Diffie Hellman Algorithm (DH)
Diffie Hellman (DH) key exchange algorithm is a method for securely exchanging cryptographic keys over a public communications channel. Keys are not actually exchanged – they are jointly derived. It is named after their inventors Whitfield Diffie and Martin Hellman.
If Alice and Bob wish to communicate with each other, they first agree between them a large prime number p, and a generator (or base) g (where 0 < g < p).
Alice chooses a secret integer a (her private key) and then calculates g^a mod p (which is her public key). Bob chooses his private key b, and calculates his public key in the same way.
Alice and Bob then send each other their public keys. Alice now knows a and Bob’s public key g^b mod p. She is not able to calculate the value b from Bob’s public key as this is a hard mathematical problem (known as the discrete logarithm problem). She can however calculate (g^b)^a mod p = g^ab mod p.
Bob knows b and g^a, so he can calculate (g^a)^b mod p = g^ab mod p. Therefore both Alice and Bob know a shared secret g^ab mod p. An eavesdropper Eve who was listening in on the communication knows p, g, Alice’s public key (g^a mod p) and Bob’s public key (g^b mod p). She is unable to calculate the shared secret from these values.
In static-static mode, both Alice and Bob retain their private/public keys over multiple communications. Therefore the resulting shared secret will be the same every time. In ephemeral-static mode one party will generate a new private/public key every time, thus a new shared secret will be generated.
Both RSA and Diffie Hellman (DH) are public-key encryption protocols used for secure key exchange. They are independent protocols that do not rely on one another.
Ephemeral Diffie-Hellman uses temporary, public keys. Each instance or run of the protocol uses a different public key. The authenticity of the server’s temporary key can be verified by checking the signature on the key. Because the public keys are temporary, a compromise of the server’s long term signing key does not jeopardize the privacy of past sessions. This is known as Perfect Forward Secrecy (PFS).
Diffie Hellman uses a private-public key pair to establish a shared secret, typically a symmetric key. DH is not a symmetric algorithm – it is an asymmetric algorithm used to establish a shared secret for a symmetric key algorithm.
Authenticated Key Agreement protocols exchange a session key in a key exchange protocol which also authenticate the identities of parties involved in the key exchange. Anonymous (or non-authenticated) key exchange, like Diffie–Hellman, does not provide authentication of the parties, and is thus vulnerable to man-in-the-middle attacks.

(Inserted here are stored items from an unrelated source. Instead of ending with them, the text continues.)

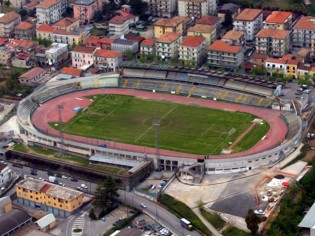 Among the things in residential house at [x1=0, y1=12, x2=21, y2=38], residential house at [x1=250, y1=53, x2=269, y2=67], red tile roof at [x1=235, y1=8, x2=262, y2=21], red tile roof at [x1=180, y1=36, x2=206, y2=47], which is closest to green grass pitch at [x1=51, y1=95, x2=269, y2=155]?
red tile roof at [x1=180, y1=36, x2=206, y2=47]

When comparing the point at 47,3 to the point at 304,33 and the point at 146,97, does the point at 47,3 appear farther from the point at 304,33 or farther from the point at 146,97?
the point at 304,33

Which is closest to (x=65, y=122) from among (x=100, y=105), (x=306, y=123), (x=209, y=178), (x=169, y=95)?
(x=100, y=105)

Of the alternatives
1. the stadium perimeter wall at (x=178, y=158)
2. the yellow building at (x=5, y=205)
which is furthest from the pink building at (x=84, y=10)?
the yellow building at (x=5, y=205)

DH is still in use today, but certain precautions have to be taken with respect to its building blocks. Authentication also needs to be implemented on top of DH to prevent man-in-the-middle threats.
DH is considered secure against eavesdroppers if the finite cyclic group G and generator g are chosen properly. In particular, the order of the group G must be large, particularly if the same group is used for large amounts of traffic. With a large enough group G, solving the Diffie–Hellman problem to obtain g^ab considered difficult.
Diffie–Hellman exchange by itself does not provide authentication of the communicating parties and is thus vulnerable to a man-in-the-middle attack. An active attacker executing the man-in-the-middle attack may establish two distinct key exchanges, one with Alice and the other with Bob, effectively masquerading as Alice to Bob, and vice versa, allowing her to decrypt, then re-encrypt, the messages passed between them.
A secrecy chart is used to analyze who knows what at each step of a key-exchange algorithm.